Start of Provided entries

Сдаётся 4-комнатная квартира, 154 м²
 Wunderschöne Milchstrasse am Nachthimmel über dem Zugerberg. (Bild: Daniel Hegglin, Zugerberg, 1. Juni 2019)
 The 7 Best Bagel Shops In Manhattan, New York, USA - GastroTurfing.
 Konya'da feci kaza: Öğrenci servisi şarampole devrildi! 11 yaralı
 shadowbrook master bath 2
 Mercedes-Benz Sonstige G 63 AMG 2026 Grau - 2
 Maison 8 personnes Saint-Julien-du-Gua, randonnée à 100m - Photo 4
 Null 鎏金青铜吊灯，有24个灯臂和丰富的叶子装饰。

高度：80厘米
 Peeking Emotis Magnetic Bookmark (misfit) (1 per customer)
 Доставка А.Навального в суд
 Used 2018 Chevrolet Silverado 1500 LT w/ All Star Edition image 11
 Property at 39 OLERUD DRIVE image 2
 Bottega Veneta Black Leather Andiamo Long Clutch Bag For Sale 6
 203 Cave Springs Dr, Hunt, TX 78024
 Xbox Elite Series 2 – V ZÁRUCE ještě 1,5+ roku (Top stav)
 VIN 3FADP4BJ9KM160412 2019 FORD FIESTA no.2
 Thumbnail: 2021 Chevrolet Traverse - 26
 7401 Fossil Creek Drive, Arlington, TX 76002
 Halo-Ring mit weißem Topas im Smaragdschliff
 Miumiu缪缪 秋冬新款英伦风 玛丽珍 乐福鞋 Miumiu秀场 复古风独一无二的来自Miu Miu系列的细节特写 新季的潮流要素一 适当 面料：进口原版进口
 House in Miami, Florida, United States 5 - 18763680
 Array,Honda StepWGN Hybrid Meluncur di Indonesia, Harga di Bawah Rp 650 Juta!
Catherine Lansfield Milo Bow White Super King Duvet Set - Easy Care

End of Provided entries

The expected output is every line of the records in which the string "Chevrolet" appears.

> [Finished task]
 Used 2018 Chevrolet Silverado 1500 LT w/ All Star Edition image 11
 Thumbnail: 2021 Chevrolet Traverse - 26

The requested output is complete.